An exact copy of all the lines below is required, with every image left out.

- _INFORMATION SUPPLIED_

::::::::

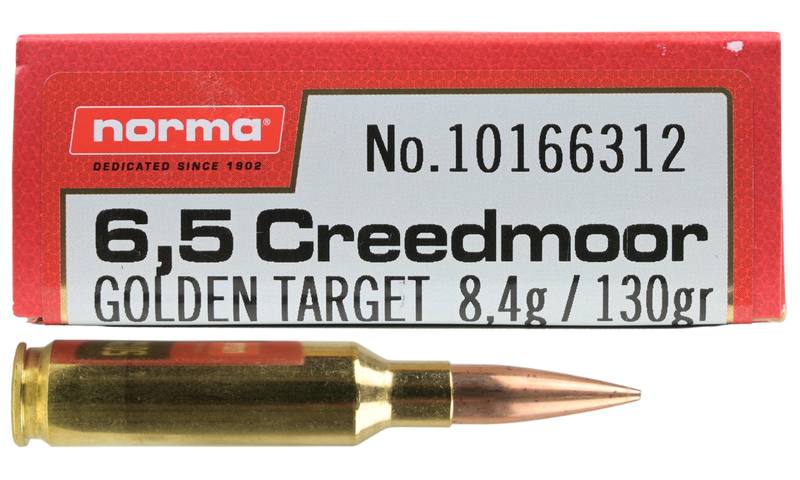 Buy Norma 6.5 Creedmoor Golden Target 130gr Hollow Point Boat Tail in NZ New Zealand.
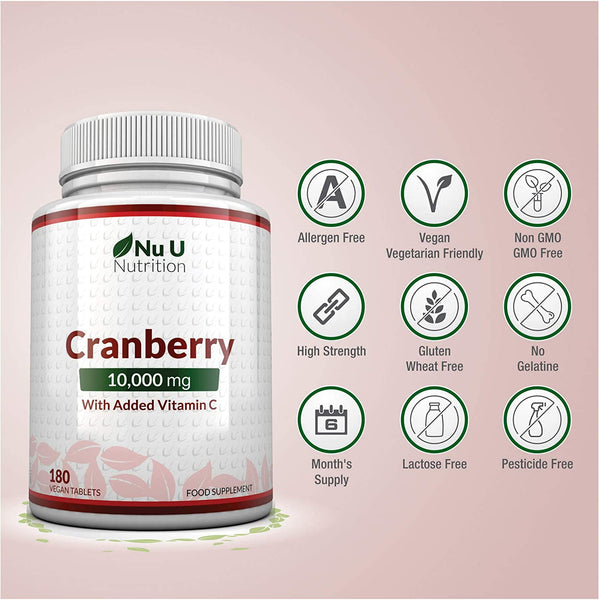 Cranberry Tablets 10,000mg - 180 Vegan Tablets with Vitamin C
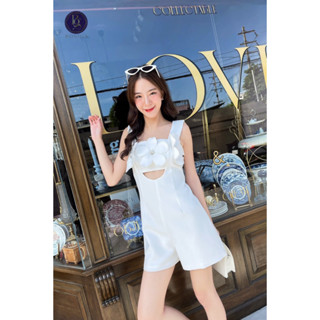 ราคาถูกที่สุด!! Boniga(โบนิก้า) Jumpsuit จั้มสูทขาสั้น WHITE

::::::::

- _PROBLEM SOLUTION_
 Buy Norma 6.5 Creedmoor Golden Target 130gr Hollow Point Boat Tail in NZ New Zealand.
 Cranberry Tablets 10,000mg - 180 Vegan Tablets with Vitamin C
 ราคาถูกที่สุด!! Boniga(โบนิก้า) Jumpsuit จั้มสูทขาสั้น WHITE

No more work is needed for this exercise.